Data segment START
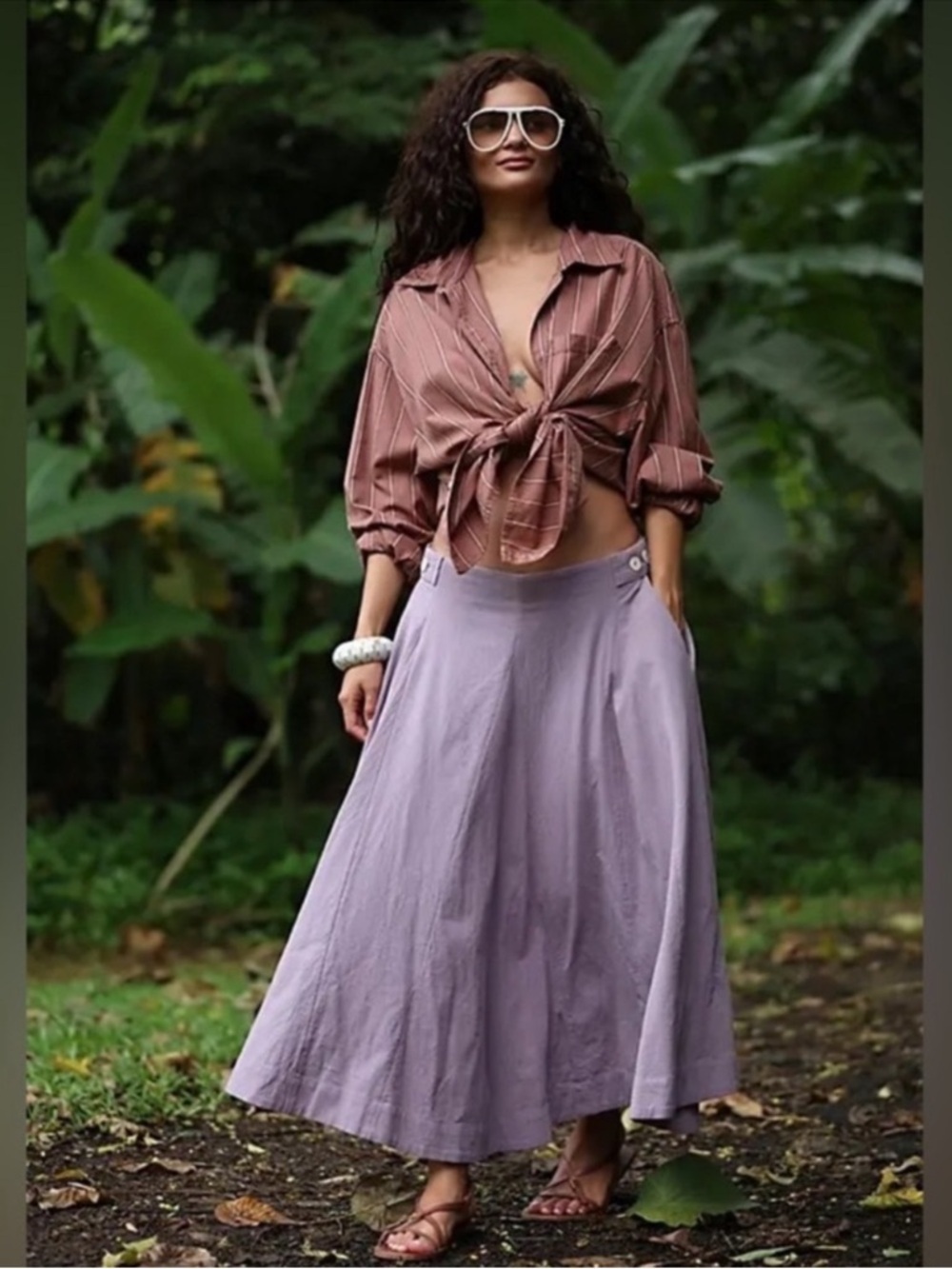 Free People Free-Est Margaux Midi Circle Skirt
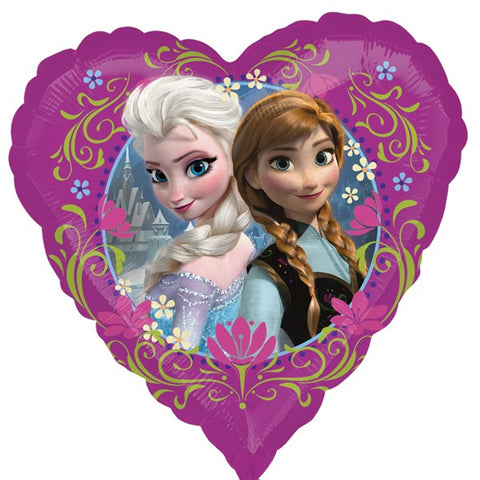 Foil Heart Disney Frozen Anna & Elsa Balloon | 18"
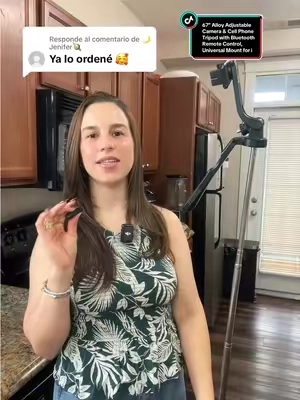 Respuesta a @🌙Jenifer🪐 envío gratis!!✅👍✨ Cámara ajustable de aleación de 67" y trípode para teléfono móvil con control remoto Bluetooth, soporte universal para dispositivos iPhone/Android, soporte portátil estable para viajes, accesorio para selfies #tripod #tripodstand #selfie #contentcreator #accessories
Data segment END
### Exercise goal
Copy every line above word for word and exclude the pictures.

### Solved problem
 Free People Free-Est Margaux Midi Circle Skirt
 Foil Heart Disney Frozen Anna & Elsa Balloon | 18"
 Respuesta a @🌙Jenifer🪐 envío gratis!!✅👍✨ Cámara ajustable de aleación de 67" y trípode para teléfono móvil con control remoto Bluetooth, soporte universal para dispositivos iPhone/Android, soporte portátil estable para viajes, accesorio para selfies #tripod #tripodstand #selfie #contentcreator #accessories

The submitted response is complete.